39 Cal. App. 5th 81
Cal. Ct. App. 5th2019Background
- Minor N.C., born 2000, admitted to one count of forcible oral copulation and one count of sexual battery arising from a homecoming party sexual assault of an intoxicated 17‑year‑old; other counts in the original petition were dismissed as part of a plea.
- Probation recommended commitment to the Division of Juvenile Justice (DJJ) primarily because of offense seriousness, a JSORRAT‑II score indicating moderate sexual reoffense risk, and availability of DJJ’s Sexual Behavioral Treatment Program (SBTP).
- DJJ witnesses described SBTP as an evidence‑based, multi‑modal 7‑stage sex offender treatment program with schooling and vocational training; outside experts agreed SBTP was rigorous but some recommended less restrictive structured programs.
- Defense proposed alternatives (A Step Forward, Children’s Home of Stockton, Oakendell, YOTP, Boys Ranch); court questioned age‑out limits and whether those programs could deliver 18+ months of required sex‑offender treatment.
- Juvenile court found DJJ commitment would probably benefit minor and that less restrictive programs were inappropriate/ineffective in his case; committed him to DJJ for a maximum of nine years.
- On appeal, minor argued the court abused its discretion because there was insufficient evidence of probable benefit from DJJ and insufficient proof alternatives would be ineffective.
Issues
| Issue | Plaintiff's Argument | Defendant's Argument | Held |
|---|---|---|---|
| Whether DJJ commitment was an abuse of discretion | Commitment unsupported: no substantial evidence DJJ would probably benefit N.C.; less restrictive options adequate | Probation and DJJ showed SBTP offers evidence‑based, comprehensive treatment; alternatives age‑out or lack sex‑offender programming | Court affirmed: substantial evidence supports probable benefit and alternatives’ ineffectiveness/inappropriateness |
| Whether court had to try less restrictive placements first | N.C.: DJJ is a last‑resort; alternatives must be exhausted or shown ineffective | State: juvenile law permits DJJ commitment when record shows alternatives inappropriate and public safety/reformative needs justify placement | Court: no absolute last‑resort rule; it may order DJJ if supported by evidence alternatives are unsuitable |
| Whether conflicting expert opinions required reversal | N.C.: experts and witnesses said DJJ could be harmful or unnecessary | Respondent: credibility determinations and factual inferences lie with trial court; some experts endorsed DJJ | Court upheld trial court’s credibility findings and refused to reweigh evidence |
| Whether time/age‑out concerns justify rejecting alternatives | N.C.: no record showing an effective sex‑offender program requires ≥18 months | State: SBTP structured as 18–24 months and alternatives have strict age‑out rules, risking incomplete treatment | Court found valid concern that alternatives’ age limits could prevent completion of treatment; supported rejection of those programs |
Key Cases Cited
- In re Angela M., 111 Cal.App.4th 1392 (discusses standard for probable benefit and review of DJJ commitment)

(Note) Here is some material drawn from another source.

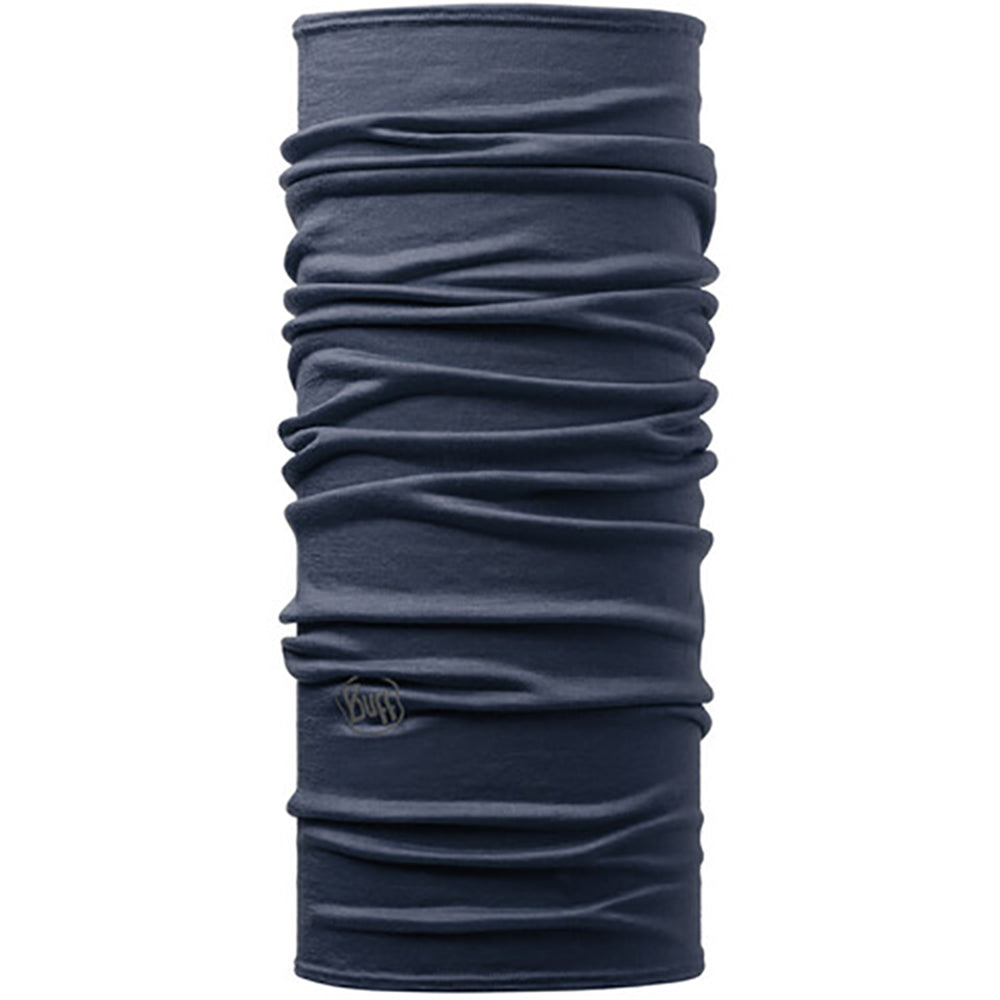 Buff Denim Merino Wool Neckwarmer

- In re Carlos J., 22 Cal.App.5th 1 (DJJ commitment may be ordered without prior attempts at less restrictive placements when supported by evidence)

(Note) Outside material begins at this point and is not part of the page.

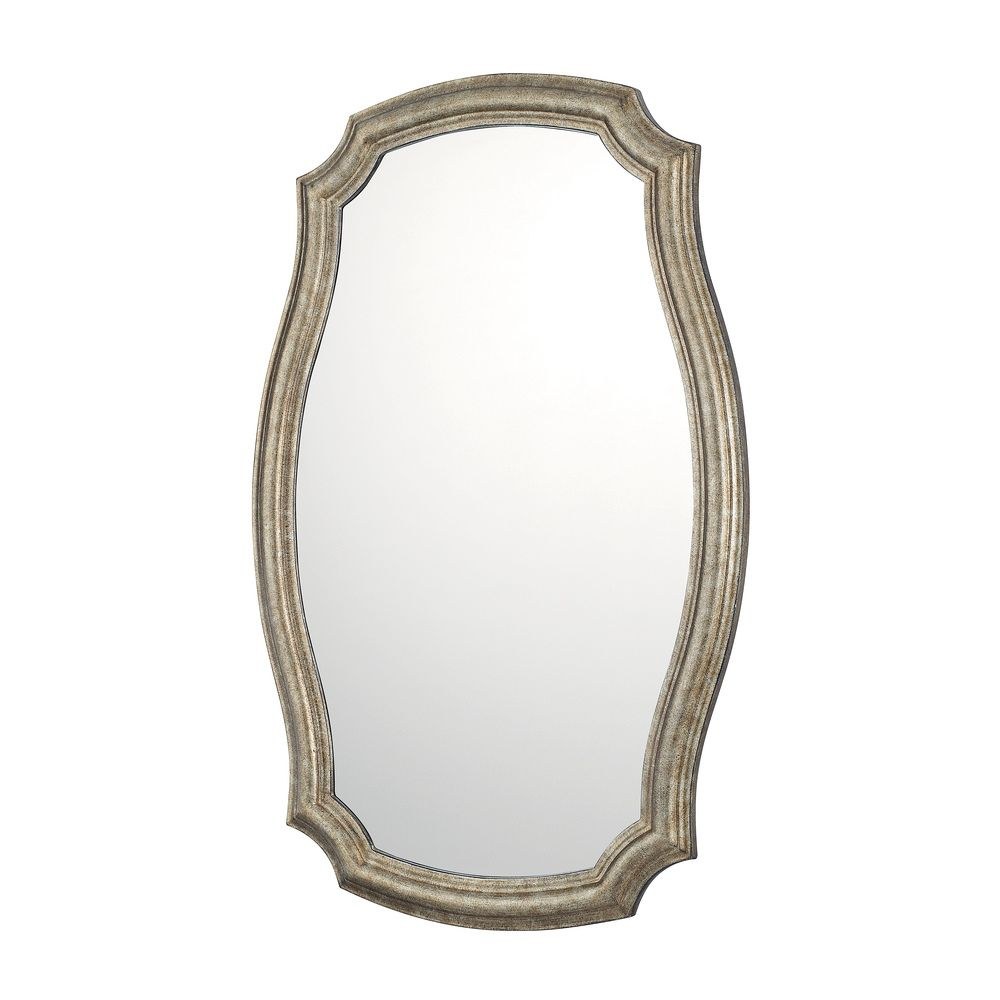 Capital Lighting-M362384-40 Inch Decorative Mirror   Mystic Finish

- In re Jonathan T., 166 Cal.App.4th 474 (standards for showing alternatives inappropriate or ineffective)
- In re Nicole H., 244 Cal.App.4th 1150 (appellate review and abuse of discretion where critical factual findings lack support)
- In re Alejandro G., 205 Cal.App.4th 472 (trial court not required to adopt any single expert opinion)
- In re Juan G., 112 Cal.App.4th 1 (appellate court should not reweigh evidence or substitute its judgment)
- In re Gerardo B., 207 Cal.App.3d 1252 (consideration of rehabilitative and public safety factors in disposition)
- In re Charles C., 232 Cal.App.3d 952 (role of punishment and public safety in juvenile disposition)
- In re Joseph H., 237 Cal.App.4th 517 (uses DJJ/DJF nomenclature and context for juvenile facilities)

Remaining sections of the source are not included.